* GOAL OF THE EXERCISE
The lines below must be transcribed exactly as given, with the images removed.

* MATERIAL PROVIDED
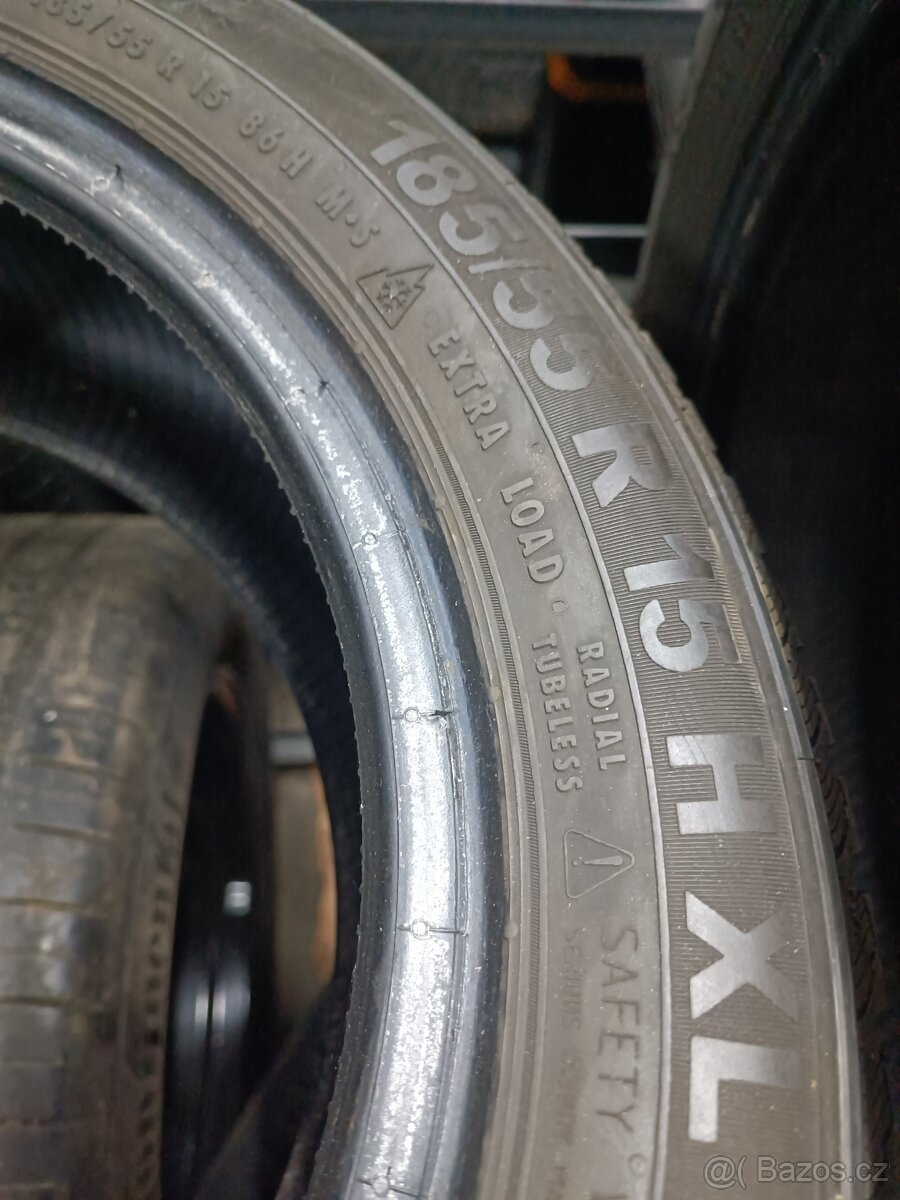185/55r15 zimní pneu Semperit - 4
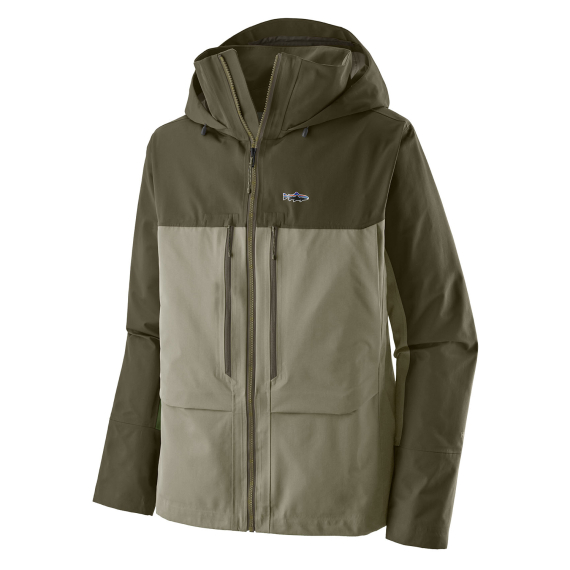 Patagonia M\'s Swiftcurrent Wading Jacket River Rock Green in der Gruppe Kleidung & Schuhe / Kleidung / Jacken / Watjacken bei Sportfiskeprylar.se (81771-RVGN-Sr)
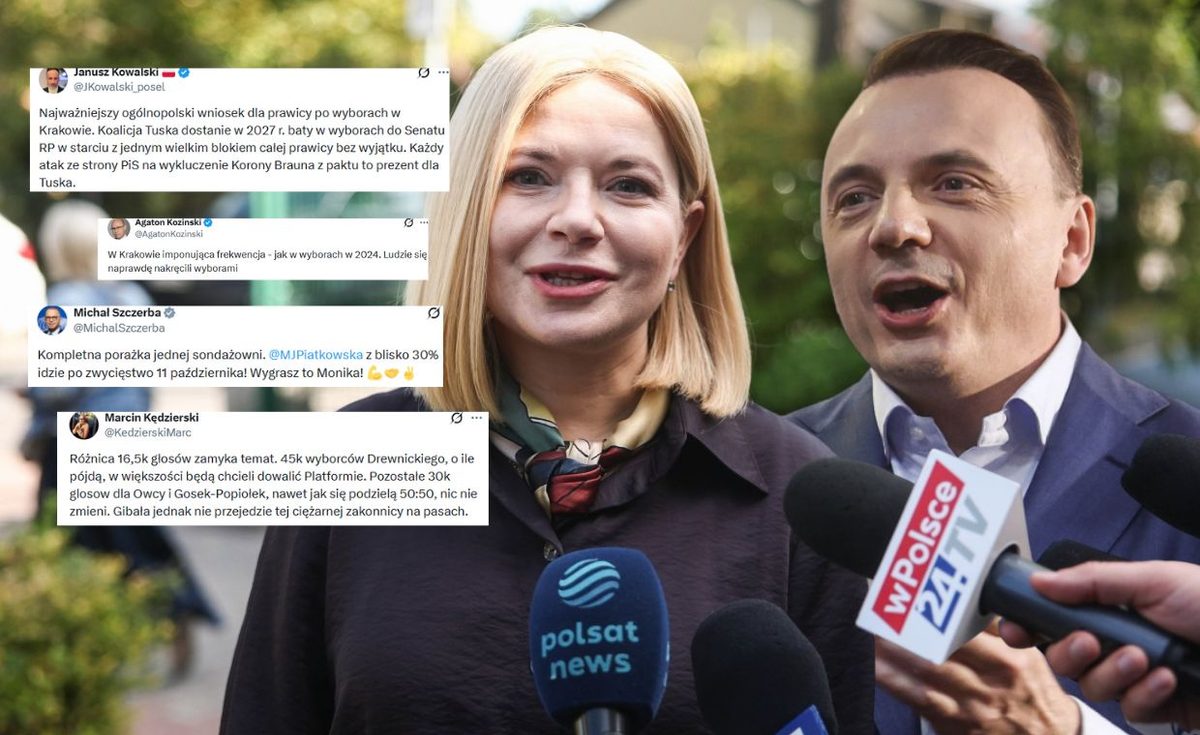 Burza po wynikach. "Nie przejedzie ciężarnej zakonnicy na pasach"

* RESPONSE TO THIS EXERCISE
185/55r15 zimní pneu Semperit - 4
 Patagonia M\'s Swiftcurrent Wading Jacket River Rock Green in der Gruppe Kleidung & Schuhe / Kleidung / Jacken / Watjacken bei Sportfiskeprylar.se (81771-RVGN-Sr)
 Burza po wynikach. "Nie przejedzie ciężarnej zakonnicy na pasach"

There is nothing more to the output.